───── Recorded information

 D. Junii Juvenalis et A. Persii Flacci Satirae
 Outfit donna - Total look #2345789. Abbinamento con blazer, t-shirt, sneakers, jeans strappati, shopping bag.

──────────
───── Recorded information

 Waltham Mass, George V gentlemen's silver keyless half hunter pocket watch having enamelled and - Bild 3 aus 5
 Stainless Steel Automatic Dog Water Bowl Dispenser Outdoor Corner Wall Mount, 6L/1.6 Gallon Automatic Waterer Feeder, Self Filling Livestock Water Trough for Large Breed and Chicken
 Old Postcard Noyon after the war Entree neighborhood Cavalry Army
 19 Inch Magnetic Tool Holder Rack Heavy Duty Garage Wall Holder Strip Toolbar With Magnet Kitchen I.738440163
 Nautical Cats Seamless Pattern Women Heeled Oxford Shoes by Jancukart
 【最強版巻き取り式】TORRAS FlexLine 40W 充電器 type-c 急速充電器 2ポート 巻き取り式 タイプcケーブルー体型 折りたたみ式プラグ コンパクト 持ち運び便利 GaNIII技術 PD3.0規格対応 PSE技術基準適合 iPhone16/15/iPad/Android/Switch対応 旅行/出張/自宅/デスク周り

──────────

# [Assignment]
Using the listing above, return word for word each line from the one that has "Nautical Cats Seamless" through the one that has "PSE技術基準適合 iPhone16/15/iPad/Android/Switch対応 旅行/出張/自宅/デスク周り", and no line outside that range.

# [Result below]
 Nautical Cats Seamless Pattern Women Heeled Oxford Shoes by Jancukart
 【最強版巻き取り式】TORRAS FlexLine 40W 充電器 type-c 急速充電器 2ポート 巻き取り式 タイプcケーブルー体型 折りたたみ式プラグ コンパクト 持ち運び便利 GaNIII技術 PD3.0規格対応 PSE技術基準適合 iPhone16/15/iPad/Android/Switch対応 旅行/出張/自宅/デスク周り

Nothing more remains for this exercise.